Monday, January 05, 2026

Are we just creatures of statistics?

 Voters have let the parties take them for granted for so long that we all just accept that partisan gerrymandering will almost always work. It only fails when the party in question loses control of a subset of voters that they might have expected to win, as may occur in Texas this year. But a "dummymander" only trips up the party that drew it because statistics let them down unexpectedly in a limited instance. Voters in general plod along on such predictable paths that districting is destiny.

Does that sound like a free people to you? Does that sound like the outlaws and anti-heroes that Americans pretend to be? I guess pretend is the operative word.

As a "left-leaning" independent, I have been voting consistently Democratic, because a Democrat supermajority would be much more likely yield some of the programs progressives yearn for. A slim majority is just a tease, doomed to failure. The government needs to be strong and fearless, and be able to institute a well-chosen selection of solid policies to prove their concept long before it all gets pushed over by a backlash election just based on party label.

It's not that the Democrats are so great. It's that the Republicans are so...not. Look at them right now: they've let the current occupant of the Oval Office blunder around and shit all over the place, and for what? Seriously, I can only guess. I do not know exactly what the party in power thinks they are doing other than amassing as much wealth as they can and avoiding criminal prosecution.

If international law had any teeth, a whole bunch of them would be in serious trouble right now. Unfortunately, the rules-based international order has about as much real clout as the global environmental movement. "Heyyyyy!! You guyyyyyysss!! Stop it! Stop it now!"
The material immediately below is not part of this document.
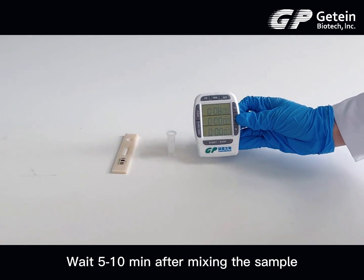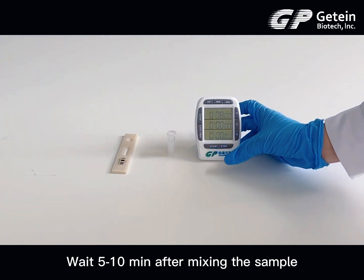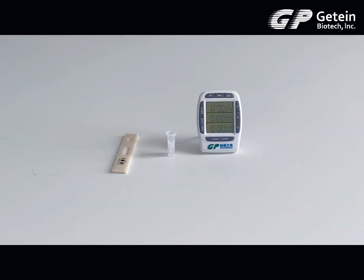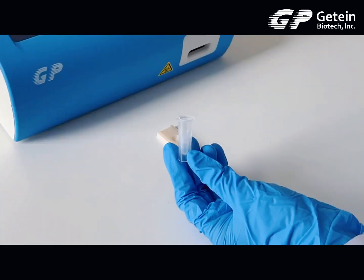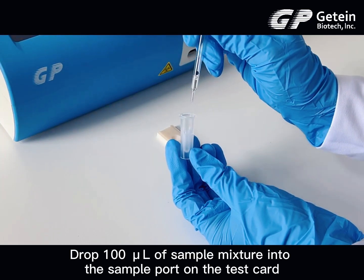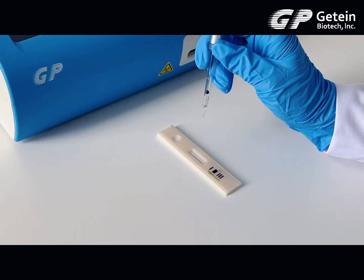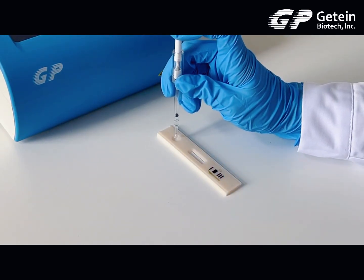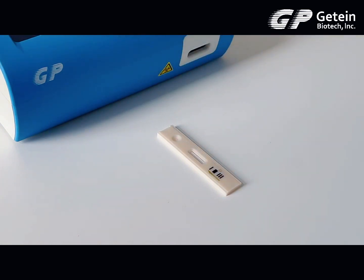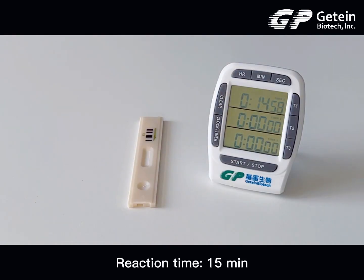Wait 5 to 10 minutes after mixing the sample. Drop 100 µL of sample mixture into the sample port on the test card. Reaction time: 15 minutes.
Polling shows that the policies of the party in power are wildly unpopular, but when has that ever translated to a resounding ass-kicking electorally? We barely saved ourselves in 2020. The policies of the Biden administration were great economically, and represented a re-centering of the interests of ordinary citizens in place of the super wealthy, but the handicaps it faced from the pandemic provided just enough economic turbulence to give the GOP a talking point from which to spew lies about all of it. Then Hamas decided that they'd like Trump to be president, and Netanyahu agreed.

Voters have power, but it's all single-shot muskets. It's not dramatic while you're doing it, only afterward if it turns out that enough people agreed with you. If they didn't, it's frustrating at best and horrifying at worst. Right now we're living in "at worst." But that's the mechanism. You vote. It's the basic unit of citizenship.

Anyone content to remain rigidly partisan will continue to fulfill statistical probability. The country gets run by maps, not by people. Not by us people, anyway.

If you believe that the only way to clean up the political system is to collapse the country completely and rebuild from the ashes, you are incorrect. The collapse of this country would lead to such a long period of chaos and weakness that any transition to a better system for regular folks would take many generations. Doing it my way would only take a few election cycles, if we got our shit together about what really matters, and quit focusing on suppressing and persecuting LGBTQ people, controlling women, and imposing any kind of religion onto government. You're never going to get a perfect election. But if voters don't defy the maps and vote against the ignorance, greed, and incompetence of the current party in power we are headed down. Not "down a difficult road" or "down a dark path." Just...down.